| MATERIAL TO PROCESS |
<<<<

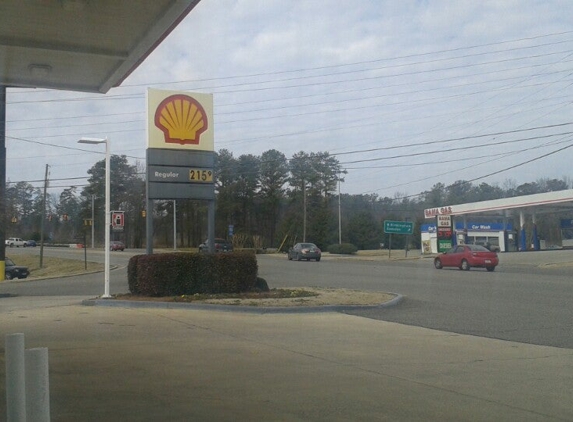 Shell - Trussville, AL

>>>>
<<<<

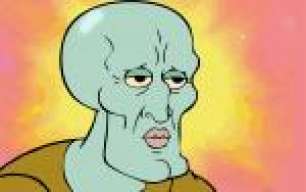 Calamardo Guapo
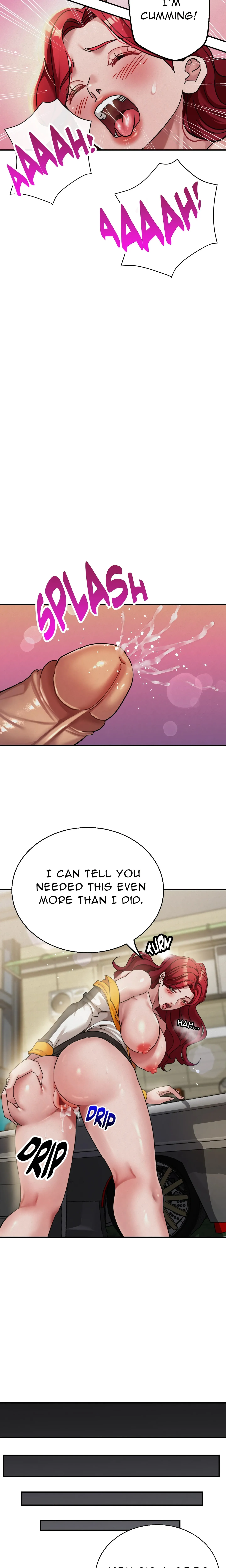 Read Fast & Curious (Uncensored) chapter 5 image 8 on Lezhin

>>>>

| TO DO |
When you reach the line that has "Calamardo Guapo" in the data above, start repeating lines exactly, and stop after the line that has "Read Fast &"; pictures stay out.

| RESPONSE BOX |
 Calamardo Guapo
 Read Fast & Curious (Uncensored) chapter 5 image 8 on Lezhin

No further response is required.